Problem to work on: With the exception of the pictures, transcribe the entire listing exactly.

Data extracts:
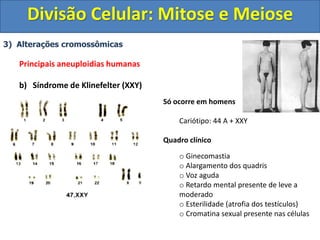 3) Alterações cromossômicas
Principais aneuploidias humanas
b) Síndrome de Klinefelter (XXY)
Só ocorre em homens
Cariótipo: 44 A + XXY
Quadro clínico
o Ginecomastia
o Alargamento dos quadris
o Voz aguda
o Retardo mental presente de leve a
moderado
o Esterilidade (atrofia dos testículos)
o Cromatina sexual presente nas células
Divisão Celular: Mitose e Meiose
 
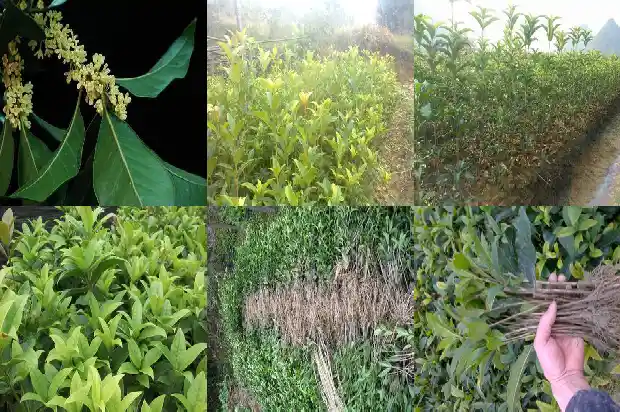 现在移栽桂花树能活吗北方还是南方1683248418572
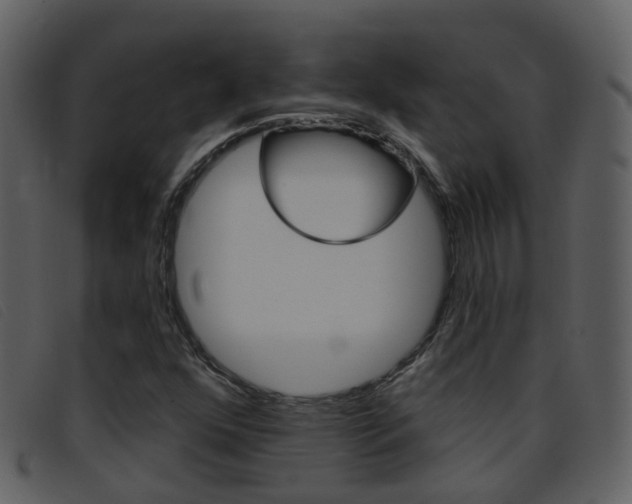 X0000096661352200802050947
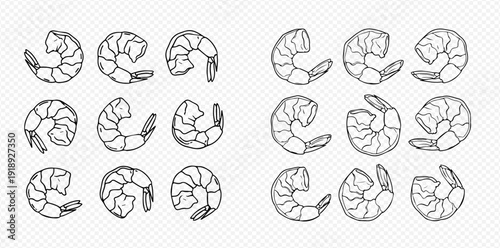 Set of Hand Drawn Shrimp and Prawn Illustrations, Perfect for Seafood Menus and Recipes.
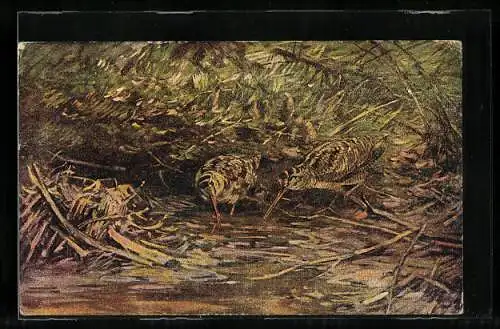 AK Wasservögel auf Futtersuche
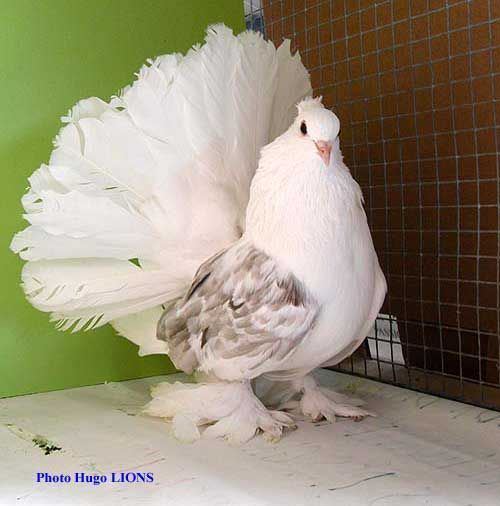Fantail pigeon 1000 ideas about Fantail Pigeon on Pinterest Beautiful birds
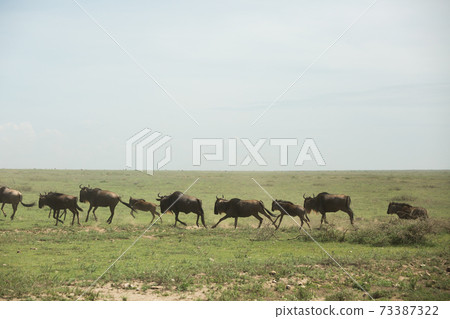 一群野生nu（非洲野生動物園景觀） 73387322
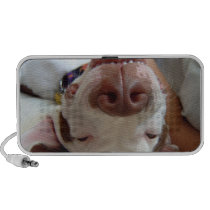 Happy Dog Speakers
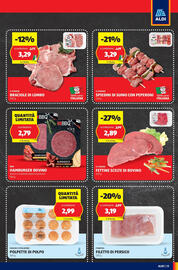 Volantino ALDI settimana 22 Pagina 13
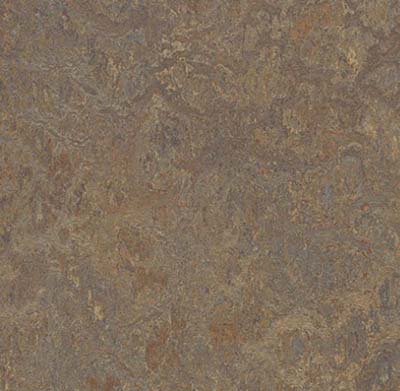 12"x12" Carton of 7 (6.78 sq/ft-box) / Cork Tree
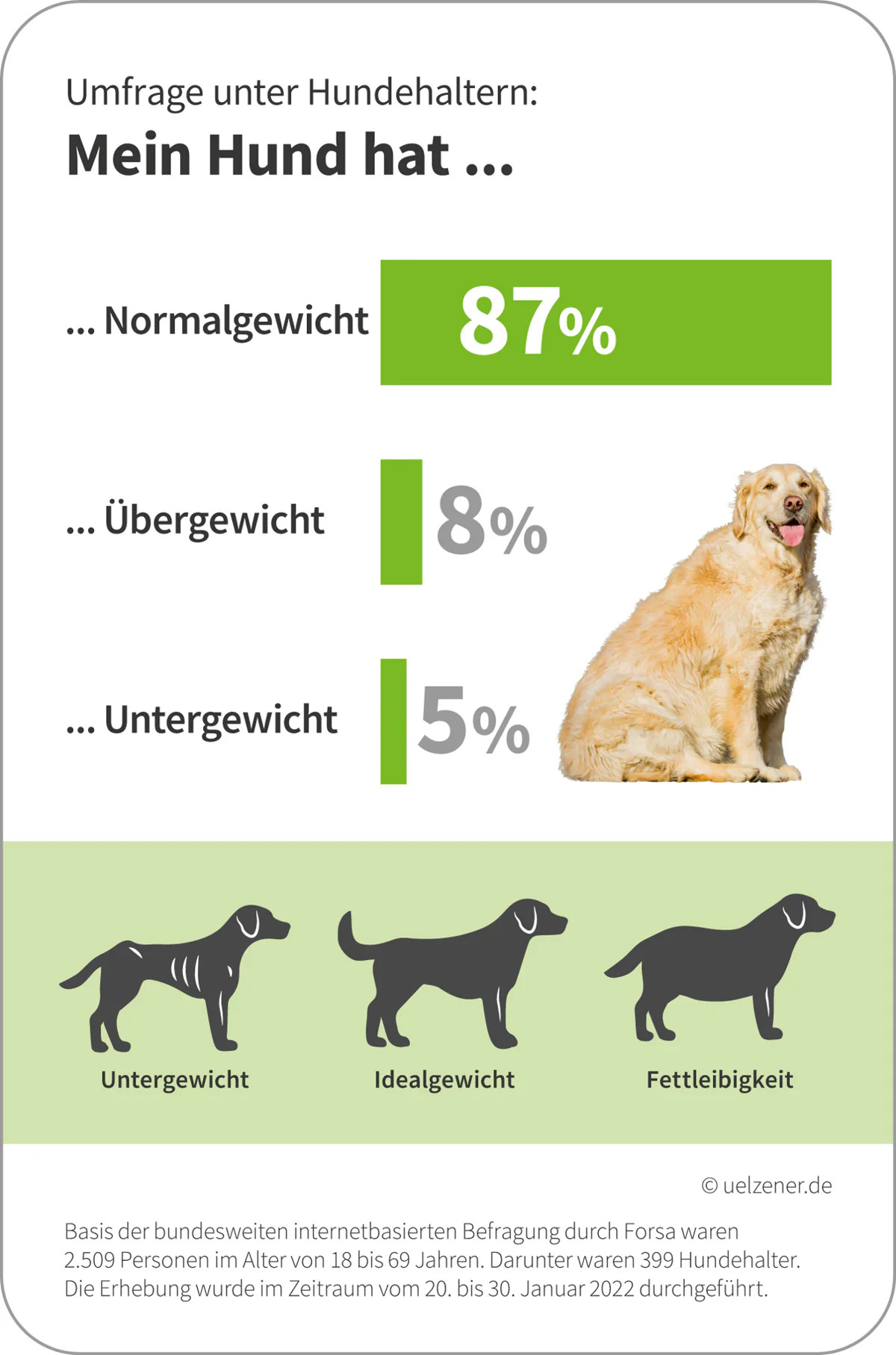 Übergewicht aus Hundehalter-Sicht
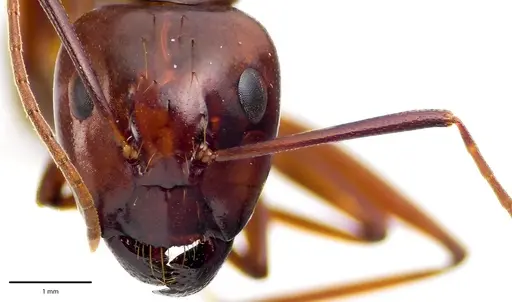 Camponotus castaneus specimen ANTWEB1041674 image antweb1041674_2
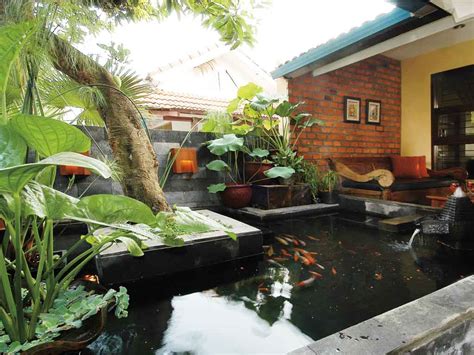 Tampaknya, untuk sementara ini yang dapat kita berikan catatan berkaitan dengan membuat kolam ikan sederhana minimalis di depan rumah. Inspirasi aquascape | Desain Kolam Ikan Hias Dalam Rumah ...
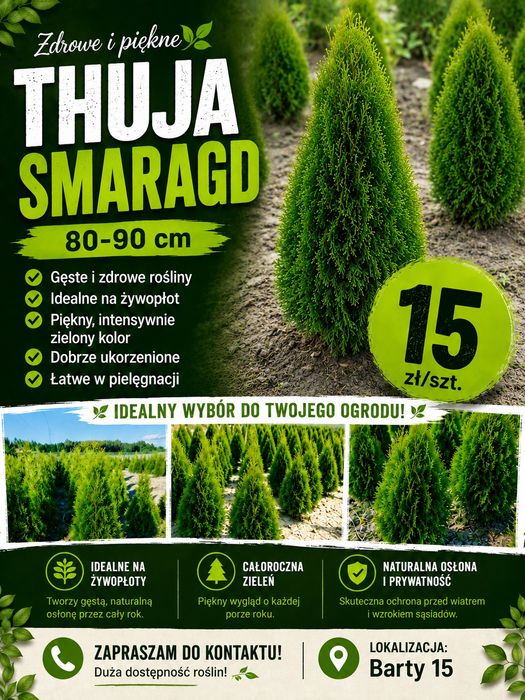 Thuja Smaragd 15 zł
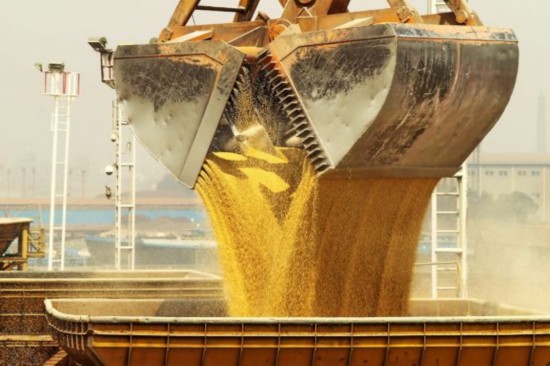 东北严打转基因 或已有非法转基因种子流入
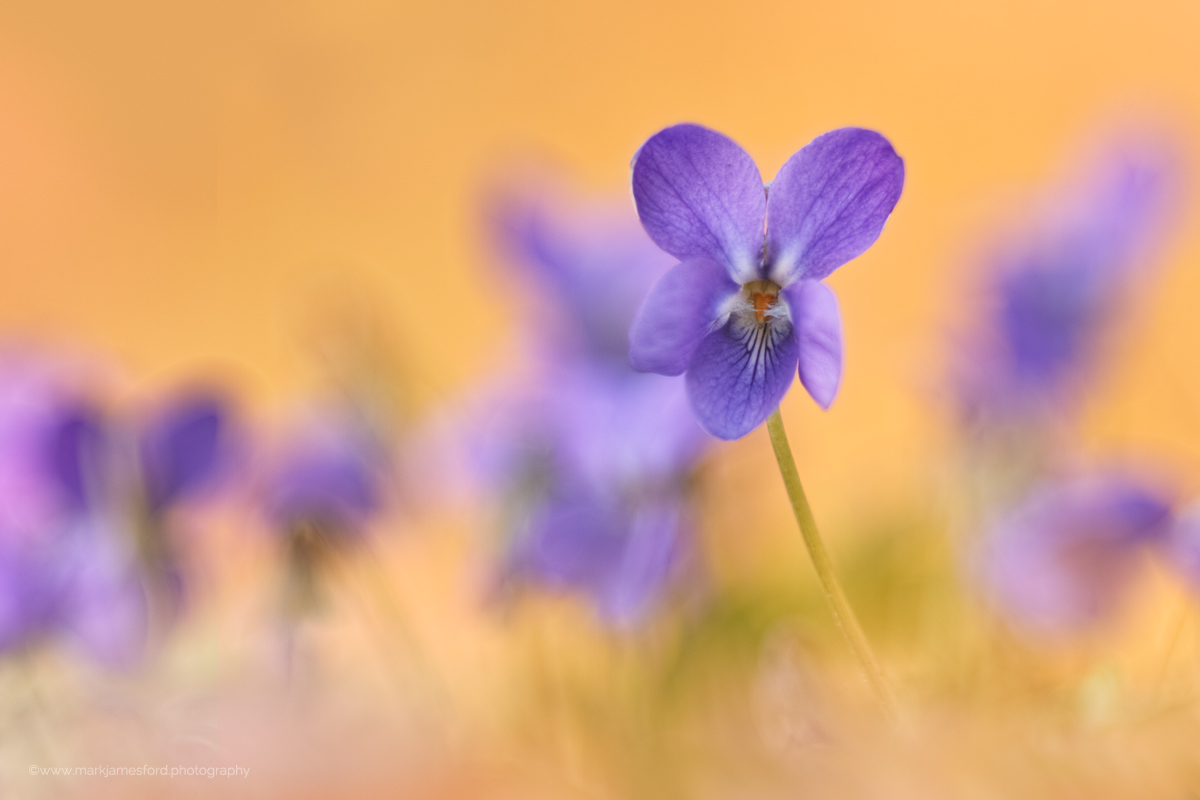 Evening Violets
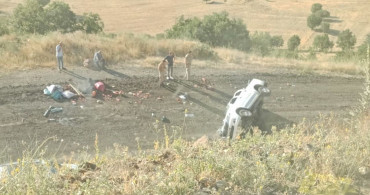 Elazığ'da kamyonet şarampole yuvarlandı, 4 kişi yaralandı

Task solution:
 3) Alterações cromossômicas
Principais aneuploidias humanas
b) Síndrome de Klinefelter (XXY)
Só ocorre em homens
Cariótipo: 44 A + XXY
Quadro clínico
o Ginecomastia
o Alargamento dos quadris
o Voz aguda
o Retardo mental presente de leve a
moderado
o Esterilidade (atrofia dos testículos)
o Cromatina sexual presente nas células
Divisão Celular: Mitose e Meiose
 
 现在移栽桂花树能活吗北方还是南方1683248418572
 X0000096661352200802050947
 Set of Hand Drawn Shrimp and Prawn Illustrations, Perfect for Seafood Menus and Recipes.
 AK Wasservögel auf Futtersuche
Fantail pigeon 1000 ideas about Fantail Pigeon on Pinterest Beautiful birds
 一群野生nu（非洲野生動物園景觀） 73387322
 Happy Dog Speakers
 Volantino ALDI settimana 22 Pagina 13
 12"x12" Carton of 7 (6.78 sq/ft-box) / Cork Tree
 Übergewicht aus Hundehalter-Sicht
 Camponotus castaneus specimen ANTWEB1041674 image antweb1041674_2
 Tampaknya, untuk sementara ini yang dapat kita berikan catatan berkaitan dengan membuat kolam ikan sederhana minimalis di depan rumah. Inspirasi aquascape | Desain Kolam Ikan Hias Dalam Rumah ...
 Thuja Smaragd 15 zł
 东北严打转基因 或已有非法转基因种子流入
 Evening Violets
 Elazığ'da kamyonet şarampole yuvarlandı, 4 kişi yaralandı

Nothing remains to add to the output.